> **Aim of the task**: Everything in the records below except the pictures must be written out exactly.
'''
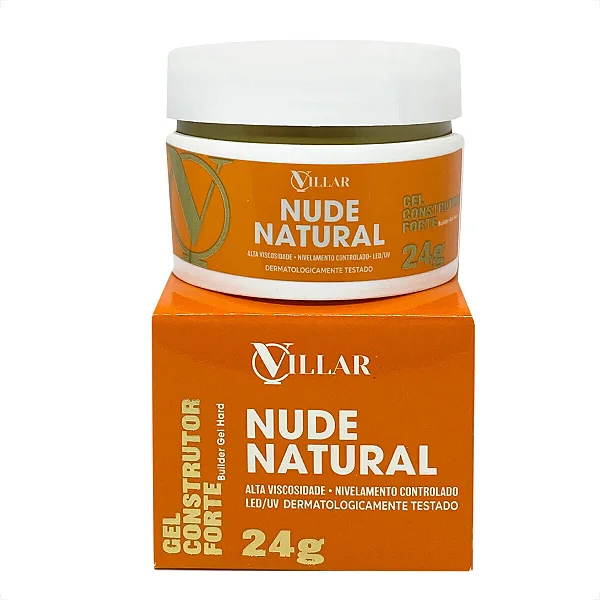 GEL CONSTRUTOR NUDE NATURAL VILLAR 24G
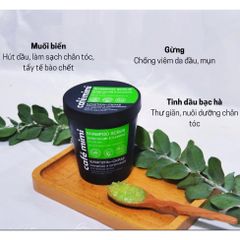 Gội Tẩy Tế Bào Chết Da Đầu CAFE MIMI Shampoo Scrub 330g #Xanh Lá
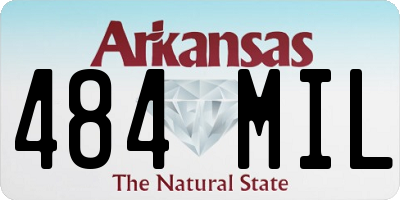 AR license plate 484MIL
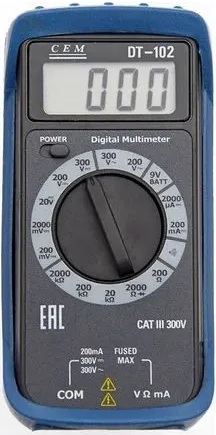 Мультиметр цифровой CEM DT-102 CEM 481875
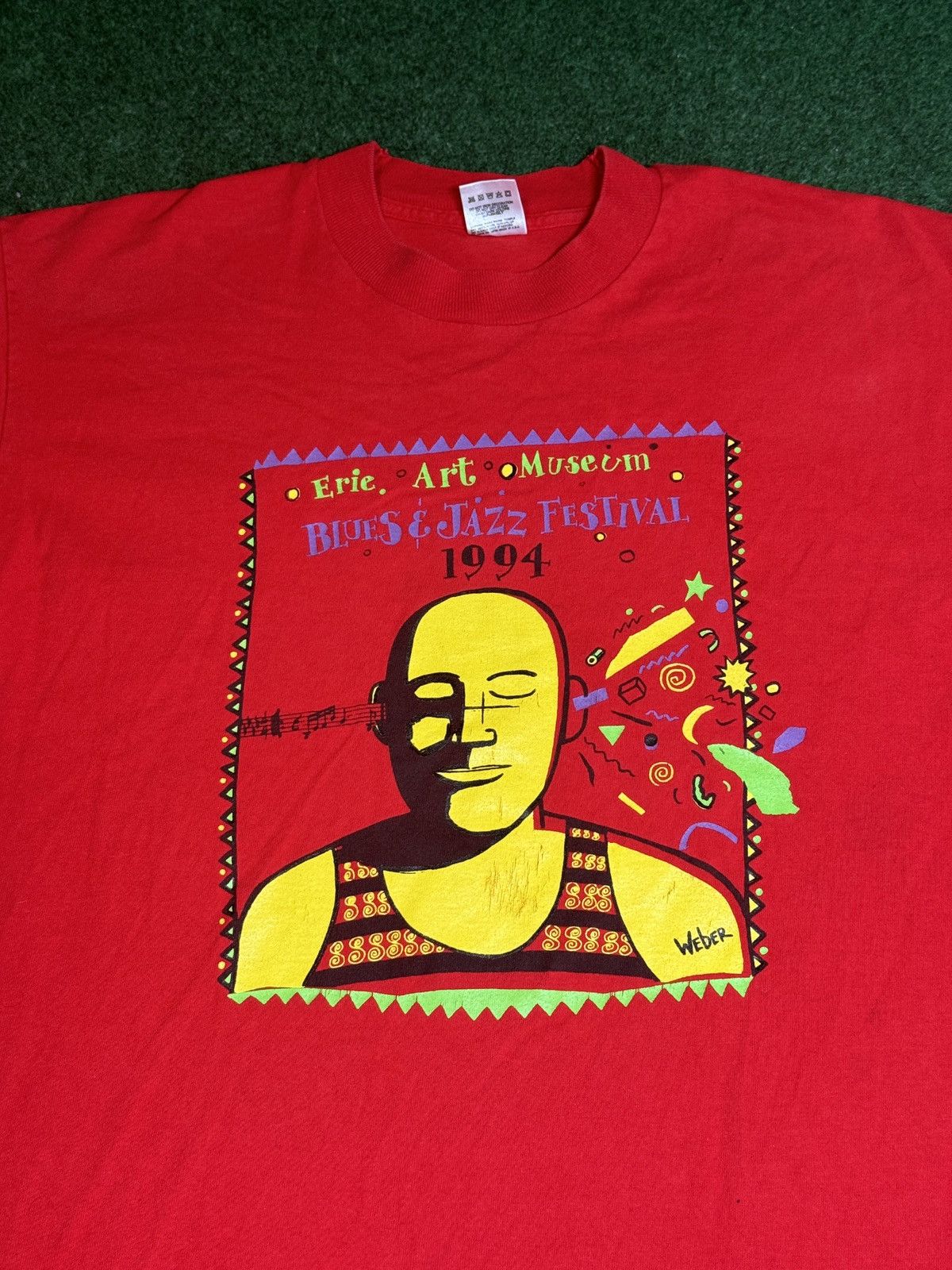 Fruit Of The Loom × Vintage Vtg 90s Blues Jazz Festival Erie Art Museum 1994 T Shirt Size US XL / EU 56 / 4 - 2 Thumbnail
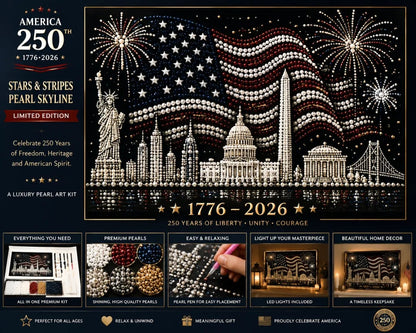 🔥Last Day 50% OFF🦅America 250th Anniversary Pearl Art Kit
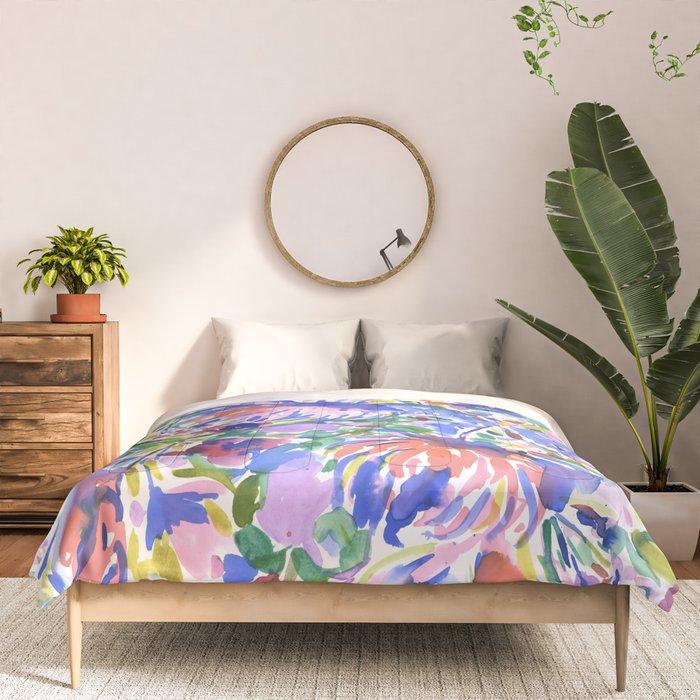 Maximal Floral Wild & Free Comforter Gallery Image 3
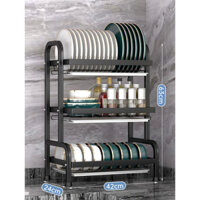 Giá Để Bát Chạn Bát Đĩa Sơn Tĩnh Điện Chống Rỉ, 2 Tầng và 3 Tầng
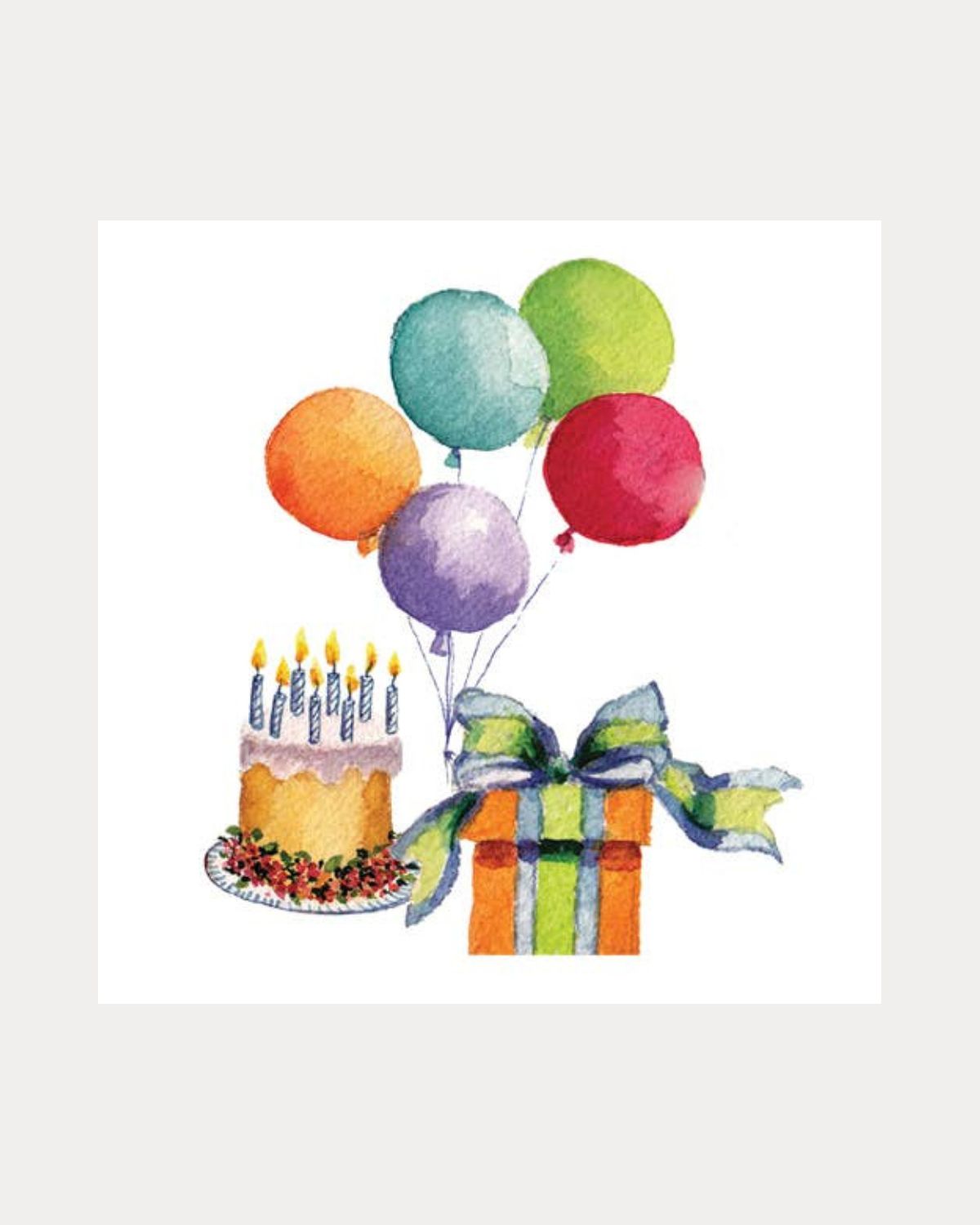 Birthday Bash Beverage Napkins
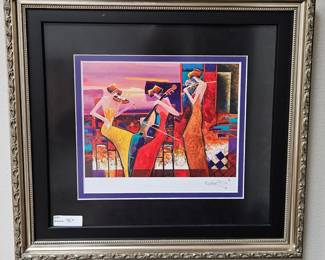 Framed Charles Lee art
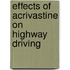Effects of acrivastine on highway driving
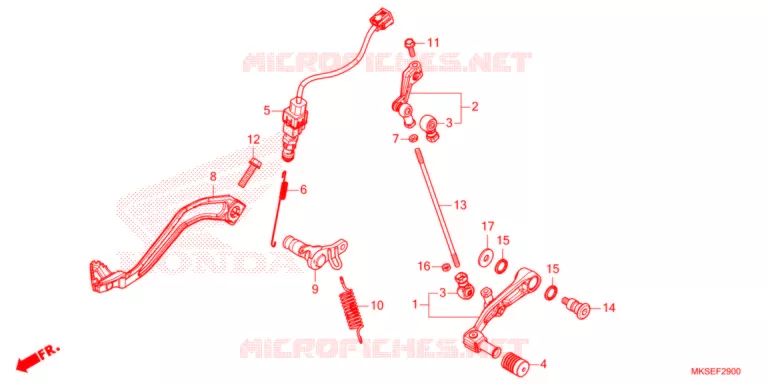 PEDALE Honda MOTO 1100 AFRICA-TWIN 2021  CRF1100A4M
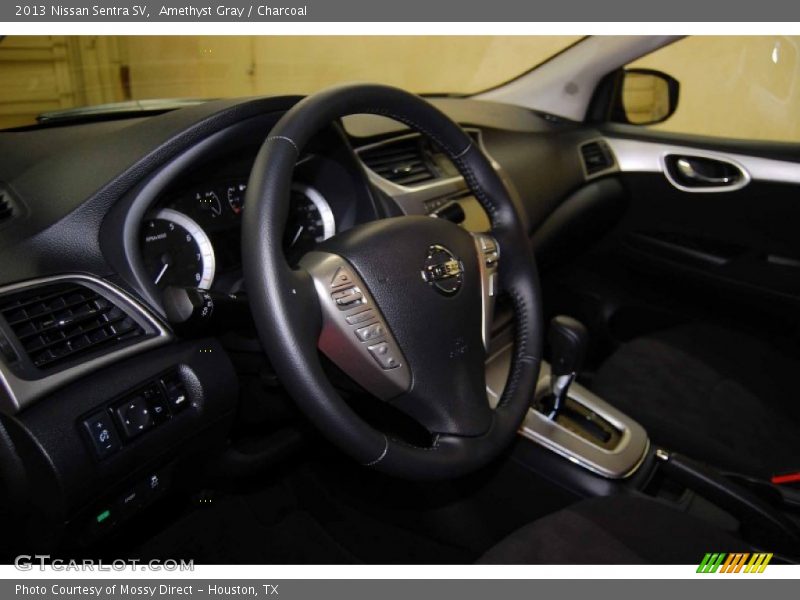 Amethyst Gray / Charcoal 2013 Nissan Sentra SV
'''
> **Answer box**:
 GEL CONSTRUTOR NUDE NATURAL VILLAR 24G
 Gội Tẩy Tế Bào Chết Da Đầu CAFE MIMI Shampoo Scrub 330g #Xanh Lá
 AR license plate 484MIL
 Мультиметр цифровой CEM DT-102 CEM 481875
 Fruit Of The Loom × Vintage Vtg 90s Blues Jazz Festival Erie Art Museum 1994 T Shirt Size US XL / EU 56 / 4 - 2 Thumbnail
 🔥Last Day 50% OFF🦅America 250th Anniversary Pearl Art Kit
 Maximal Floral Wild & Free Comforter Gallery Image 3
 Giá Để Bát Chạn Bát Đĩa Sơn Tĩnh Điện Chống Rỉ, 2 Tầng và 3 Tầng
 Birthday Bash Beverage Napkins
 Framed Charles Lee art
Effects of acrivastine on highway driving
 PEDALE Honda MOTO 1100 AFRICA-TWIN 2021  CRF1100A4M
 Amethyst Gray / Charcoal 2013 Nissan Sentra SV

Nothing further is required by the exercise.